Je conclus que l'intimée s'est erronément fondée sur l'article 241 de la Loi de l'impôt sur le revenu lorsqu'elle a répondu au paragraphe 1. Cependant, la mesure de redressement qui convient n'est pas de déclarer que le paragraphe 1 est réputé avoir été reconnu, mais plutôt d'étudier la question de façon opportune. Lorsque l'intimée a fait savoir à l'appelante qu'elle refusait de reconnaître le paragraphe 1, cette dernière avait la possibilité de procéder à un interrogatoire préalable de l'intimée, c'est-à-dire de poser des questions auxquelles l'intimée serait tenue de répondre. L'intimée n'était peut-être pas obligée de s'appuyer sur l'article 241. Si on lui avait posé, au cours d'un interrogatoire préalable, les questions suivantes : « Qu'en était-il des profits et des pertes de Westward Inn de 1981 à 1993? Êtes-vous en mesure de produire des états financiers indiquant si le bien a généré un profit ou non? Si tel est le cas, a-t-on déduit des intérêts sur l'argent emprunté? » , Revenu Canada aurait peut-être été obligé d'admettre qu'il ne pouvait trouver aucun registre de la société après une date donnée. Il aurait peut-être été impossible pour l'intimée de donner une réponse à l'égard du paragraphe 1.

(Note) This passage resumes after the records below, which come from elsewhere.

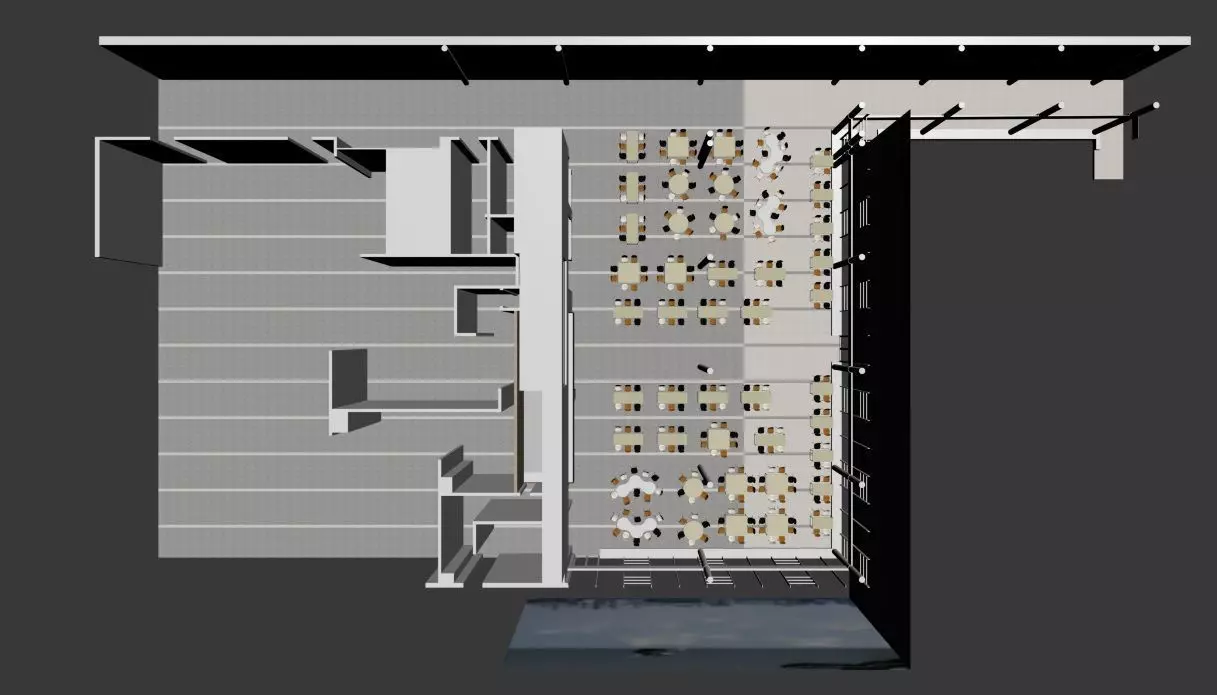 Canteen Design 3D model_10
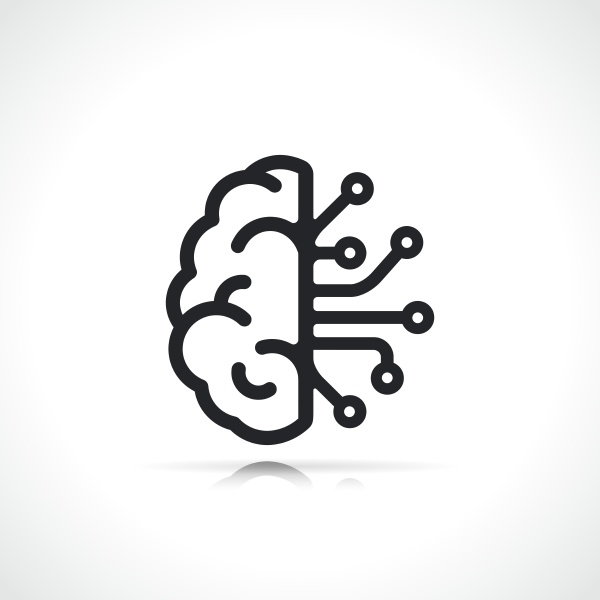 artificial intelligence thin line icon isolated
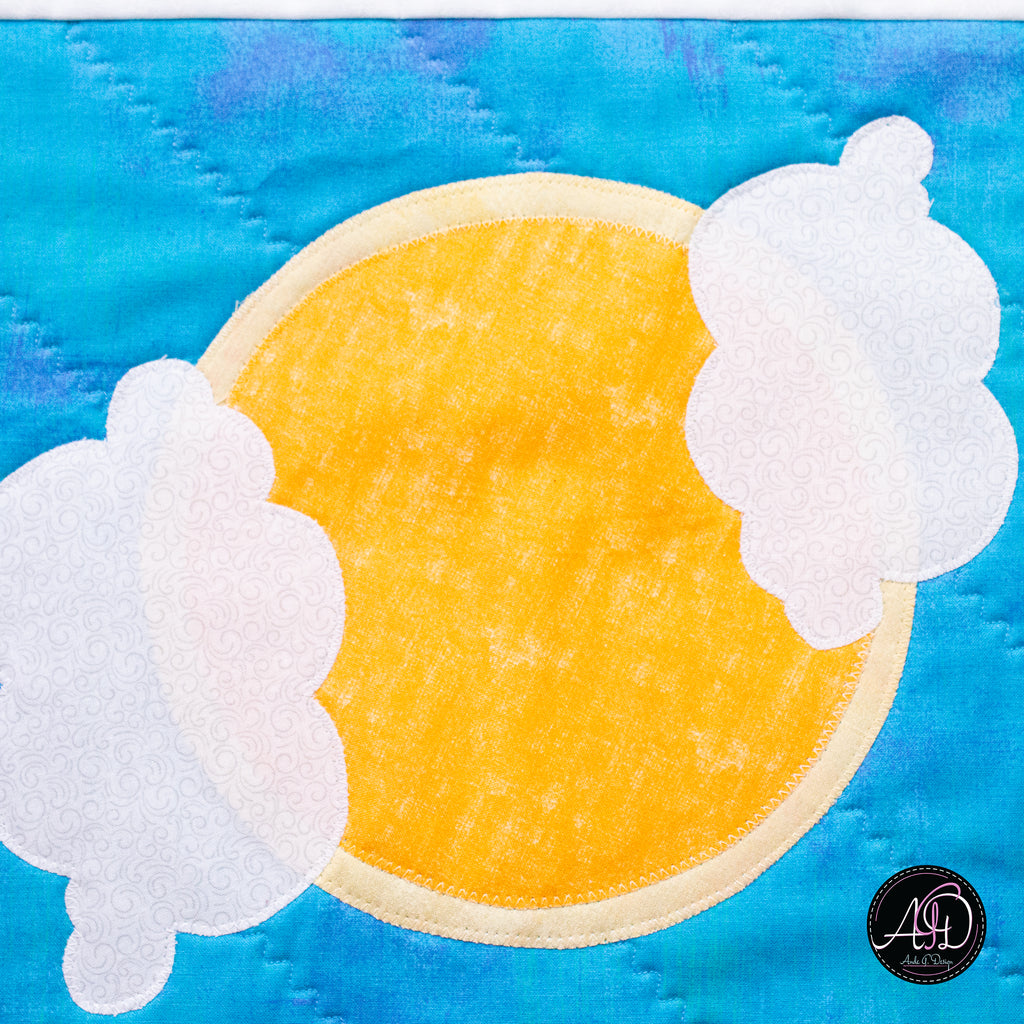 Quilted Applique Beach Dolphin Summer Table Runner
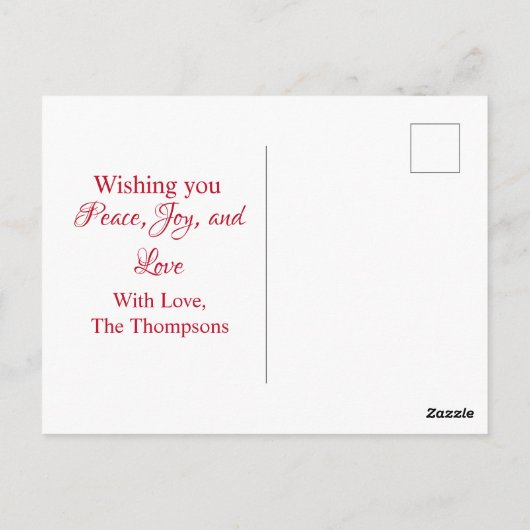 Kerstfeestdag in Red Cardinaal Woodland Briefkaart (Achterkant)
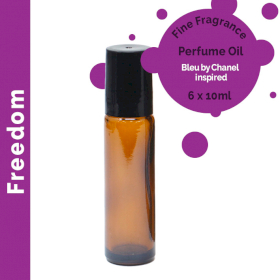 6x Freedom Fine Fragrance Perfume Oil 10ml - White Label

[9]            À mon avis, le fait pour l'intimée de s'appuyer sur l'article 241 était injustifié en droit, mais, selon l'alinéa 131(3)b) des règles, l'intimée, en refusant de reconnaître le paragraphe 1 et en exposant les motifs de son refus, avait fait tout ce qu'exigeaient les Règles 130 et 131 si elle estimait, de bonne foi, qu'elle était justifiée en droit de s'appuyer sur l'article 241. Si elle n'était pas justifiée en droit de se fonder sur cette disposition, d'autres recours s'offraient à l'appelante. Je crois que les mesures appropriées auraient été un interrogatoire préalable de l'intimée suivi de la présentation d'une requête par laquelle on exigerait des réponses à des questions précises.

[10]          À cette étape-ci des procédures, soit à la veille du procès, je ne ferai pas droit à la requête par laquelle on me demande de déclarer que le paragraphe 1 ou 2 de la demande d'aveux est réputé avoir été reconnu. Pour ce qui est des frais, je les ferai suivre l'issue de la cause, puisqu'il m'est impossible de savoir de quoi il en retournera au procès. Je ne puis savoir ce que les parties feront d'ici la fin du procès, ni ce que l'appelante pourrait faire pour obtenir un aveu ou pour poursuivre ses démarches en ce sens. Par conséquent, je n'accorderai pas de frais sans égard à l'issue de l'instance, mais j'en accorderai à l'issue du procès.

Signé à Ottawa, Canada, ce 5e jour de mars 2002.

« M. A. Mogan »

J.C.C.I.

Traduction certifiée conforme ce 28e jour d'octobre 2002.